His paintings are inspired by history, politics, the environment, the Bible, and Haitian Creole culture, and Haiti vodou. His work is immediately recognized by characteristics of bright colors with complex patterns that are highly compressed compositions of human figures with the heads of wild or domestic animals, mystical figures, and parallel worlds. Frantz Zephirin makes the world ironic by caricaturing men from the country's ruling class. Not without cynicism, he describes himself as a "historical animalist" and with a wry smile says ”Look closely in every man there is an animal; a fox, an ape, a cat, usually reflected as a characteristic in an individual”.
In 1994 he received the Swiss Prize and the Europe Prize for Modern Primitive Painting, at Kasper Pro Arte, Morges, Switzerland.

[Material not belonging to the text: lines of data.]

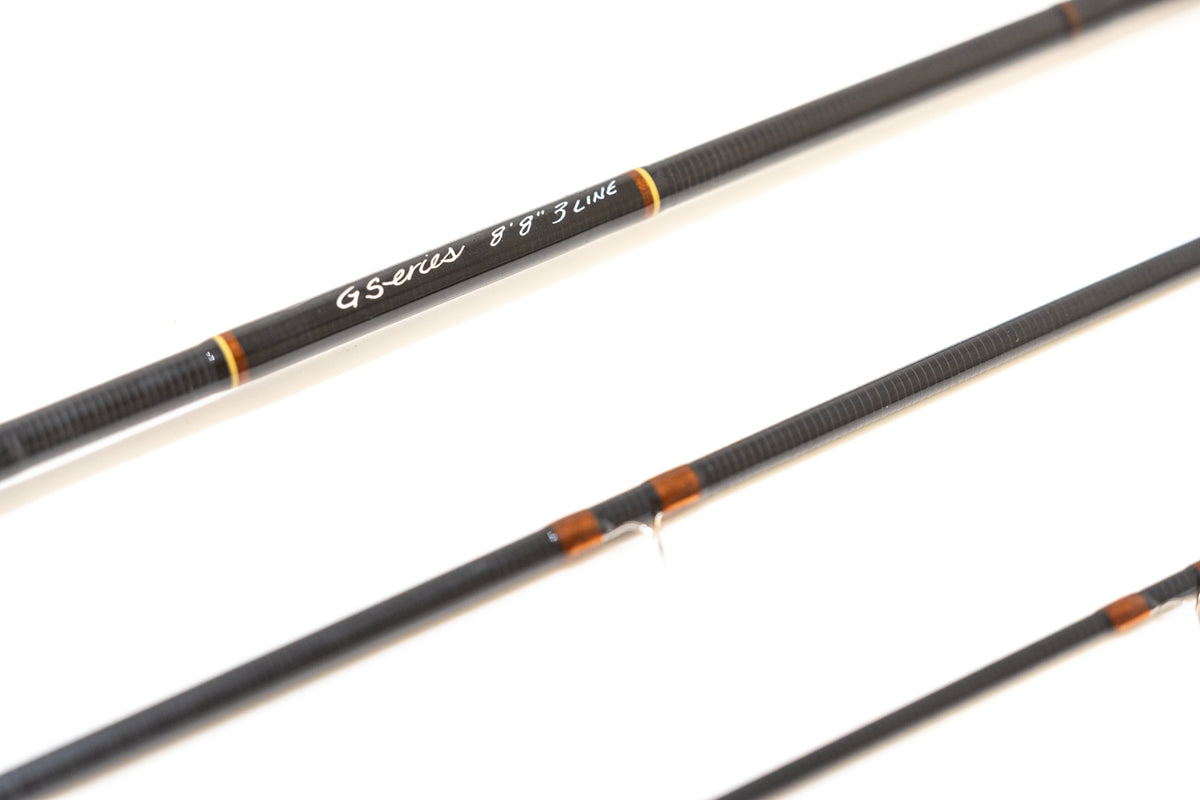 Scott G Series 8'8" 3wt Rod Used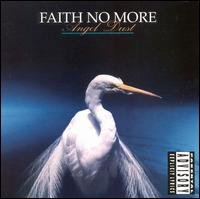Cover for Faith No More · Angel Dust -gold- -ltd- (CD) [Limited edition] (1990)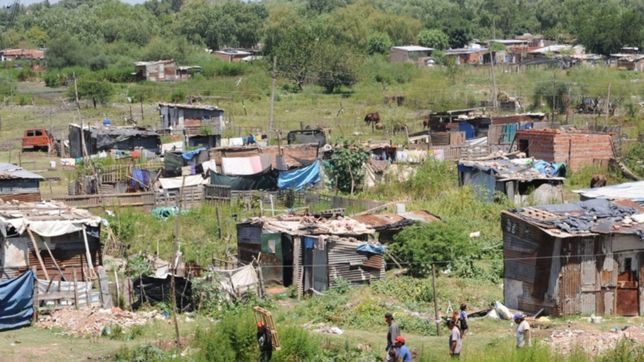a pesar de la crisis, la plata es uno de los lugares donde menos crecio la pobreza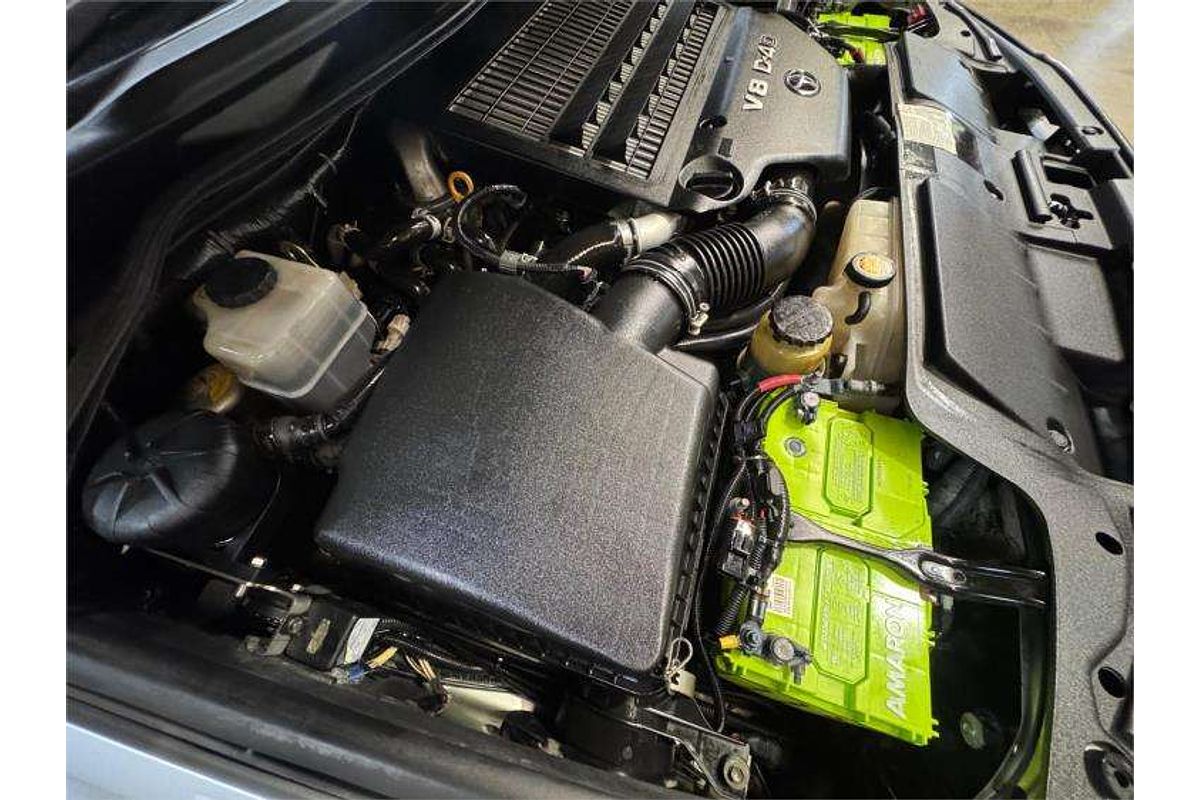 2007 Toyota Landcruiser Sahara VDJ200R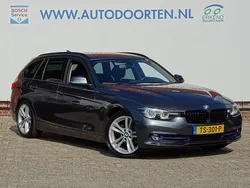 Grijs Gebruikt 2018 BMW 320 Sport Line Stationwagen | € 18.950 (Goede deal)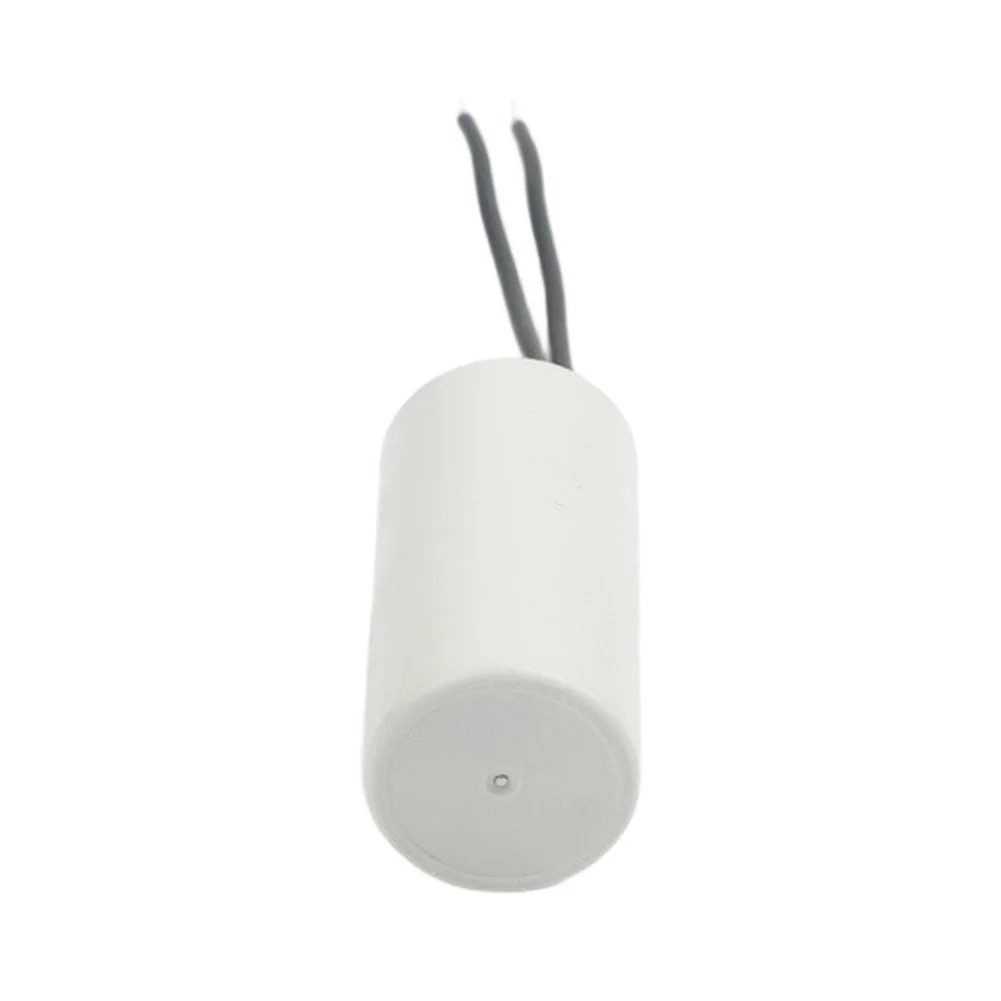 CBB60 Capacitor 4uF 25x50mm Copper Run Capacitor For Circulating Water Air Compressor Pressure Washer HVAC Motor Parts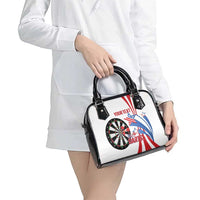 Custom United States Darts Shoulder Handbag USA Go Champions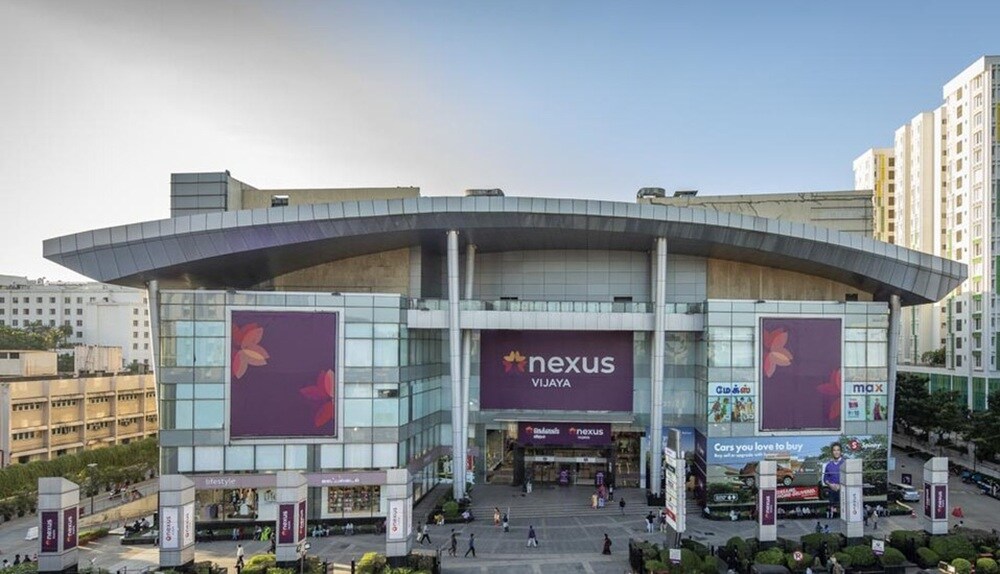 Vijaya Forum Mall Vadapalani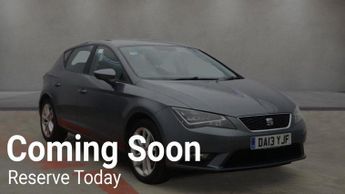 SEAT Leon 1.2 TSI SE DSG Euro 5 (s/s) 5dr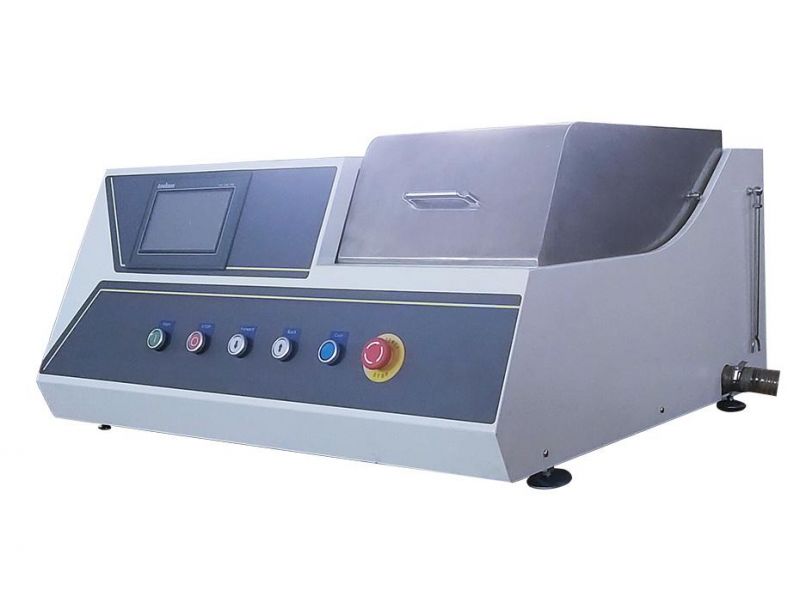Auto Metallographic Specimen Cutter Cutting Machine Used for Metals, Electronic Components, Ceramic Materials, Crystals, Cemented Carbide, Rock Samples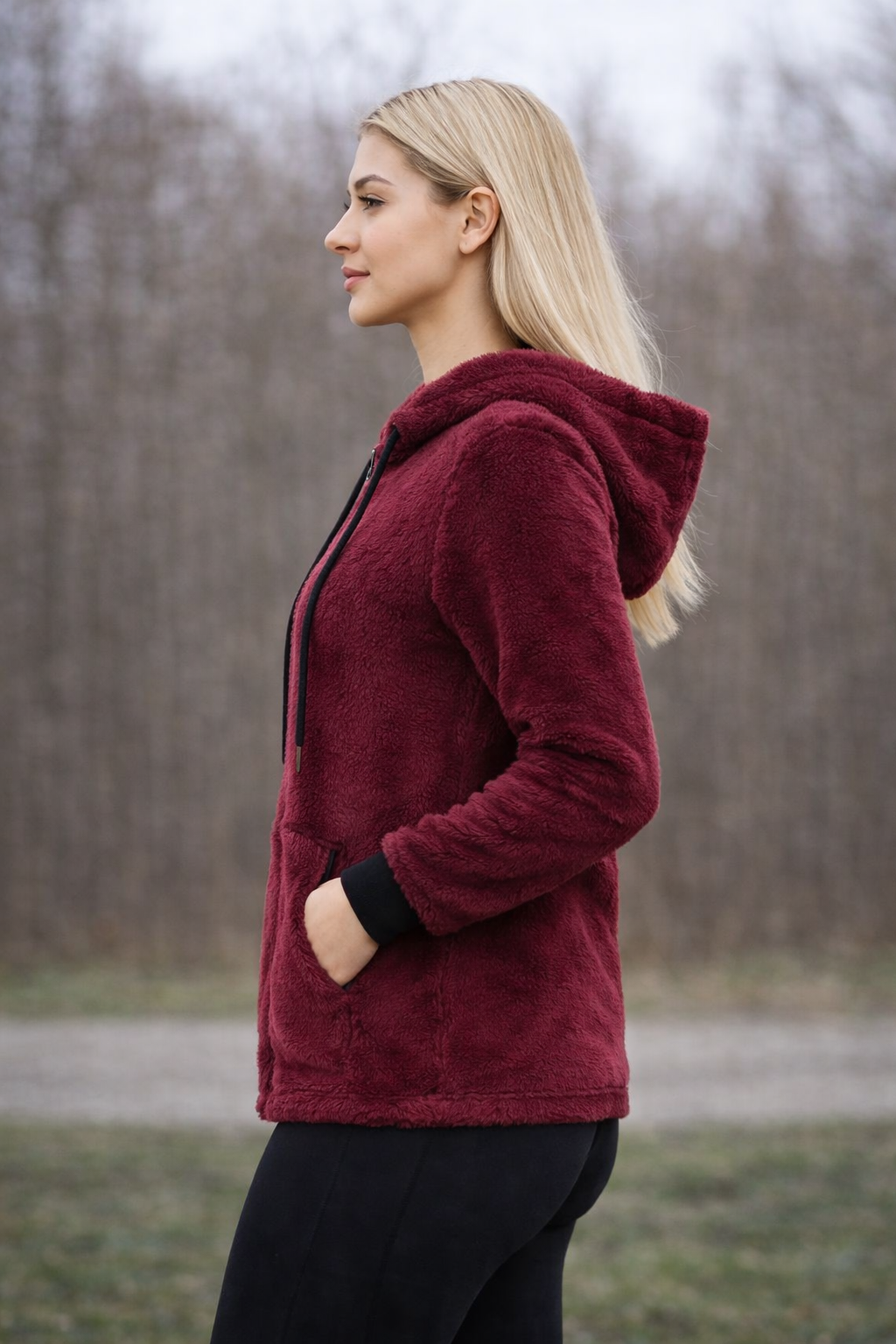 Hanorac dama cocolino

In October 1996 he received the gold medal at the third biennial of Caribbean and Central American painting at the Museum of Modern Art in the Dominican Republic: Zephirin was one of the five Haitians participating in the V Biennial of Cuenca, Ecuador. He also participated in the "Sacred Arts of Haitian Voodoo" exhibition, which toured the United States between 1997-1998.
in 1999, his painting appeared on the cover of Bob Shacochis's book entitled, The Immaculate Invasion, a New York Times bestseller. His work appeared in two major exhibitions at the American Museum of Visionary Art, "Today H20", in 2004-2005 and "Home & Beast" in 2006-2007. Frantz Zephirin's paintings are part of the collections of international museums such as the Afrika Museum, Berg-en-Dal, the Netherlands; and the Waterloo Museum.
In September 2010, his painting was featured on the cover of Smithsonian magazine, reporting on the rescue of Haitian cultural property after the January 12, 2010 earthquake. His paintings have also been included in other prestigious magazines including: Le Temps, New York Times, The World, The Wall Street Journal, Los Angeles Times, The Times of London, The Guardian and the BBC, including their websites. His painting "The Resurrection of the Dead" was the selected image chosen for the cover of the New Yorker magazine for their January 25 edition.
In 2013-2014, he participated in the exhibition Aquatopia the Imaginary of the Ocean Deep, at the Sahm workshops in Brazzaville as part of an artist residency. During the second edition of the International Plano festival in 2018, Frantz Zephirin's painting gave a second life to the Pleyel piano at the Residence de France in Haiti, destroyed during the 2010 Earthquake.
Frantz Zephirin is a voodoo priest who has a studio in his temple, "the Temple of the Seven Virgins", high on a mountain overlooking Mariani, outside of Port-au-Prince.
Due to the political strife in his homeland Frantz is currently painting in the Dominican Republic and opened a gallery in Santo Domingo in 2021 and in 2022 combined his efforts with long time friend and gallerist Frank Giannetta to establish D’Zephirin/Giannetta Galleries.
Frantz had two pieces selected and are currently exhibited at the 2022 Venice Biennale, that runs through November 27, 2022.
He is currently working on a new project interconnecting aspects of earth and the cosmos.